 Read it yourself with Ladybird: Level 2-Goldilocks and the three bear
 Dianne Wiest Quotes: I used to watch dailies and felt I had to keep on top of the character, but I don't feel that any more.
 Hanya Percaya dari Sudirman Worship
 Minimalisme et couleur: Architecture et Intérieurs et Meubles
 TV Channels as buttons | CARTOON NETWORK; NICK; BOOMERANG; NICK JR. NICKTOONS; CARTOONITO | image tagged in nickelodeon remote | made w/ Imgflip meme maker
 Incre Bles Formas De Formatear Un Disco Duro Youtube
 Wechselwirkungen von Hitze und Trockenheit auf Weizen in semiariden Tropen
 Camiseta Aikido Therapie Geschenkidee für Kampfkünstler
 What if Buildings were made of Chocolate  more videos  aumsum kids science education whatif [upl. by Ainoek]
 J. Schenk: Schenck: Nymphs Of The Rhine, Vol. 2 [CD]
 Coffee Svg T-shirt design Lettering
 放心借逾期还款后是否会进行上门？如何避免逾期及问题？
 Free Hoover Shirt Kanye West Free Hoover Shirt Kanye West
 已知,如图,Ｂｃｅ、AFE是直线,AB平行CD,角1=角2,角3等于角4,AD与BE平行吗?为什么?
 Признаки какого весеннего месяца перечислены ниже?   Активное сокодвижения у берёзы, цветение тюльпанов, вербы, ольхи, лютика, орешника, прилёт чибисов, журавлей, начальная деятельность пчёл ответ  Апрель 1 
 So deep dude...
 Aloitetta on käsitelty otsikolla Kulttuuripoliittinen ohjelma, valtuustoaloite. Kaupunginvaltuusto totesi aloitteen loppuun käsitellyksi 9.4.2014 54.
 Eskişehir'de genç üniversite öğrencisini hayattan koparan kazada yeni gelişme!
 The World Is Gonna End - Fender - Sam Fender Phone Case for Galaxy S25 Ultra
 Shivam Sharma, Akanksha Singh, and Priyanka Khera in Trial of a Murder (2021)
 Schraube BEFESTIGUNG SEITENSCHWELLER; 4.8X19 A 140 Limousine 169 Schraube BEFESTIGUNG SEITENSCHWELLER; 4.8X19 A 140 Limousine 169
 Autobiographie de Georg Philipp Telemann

--

Brief
An exact repeat of the lines from the one containing "Limousine 169 Schraube" through the final line of the entries is the whole answer.

Task answer
 Schraube BEFESTIGUNG SEITENSCHWELLER; 4.8X19 A 140 Limousine 169 Schraube BEFESTIGUNG SEITENSCHWELLER; 4.8X19 A 140 Limousine 169
 Autobiographie de Georg Philipp Telemann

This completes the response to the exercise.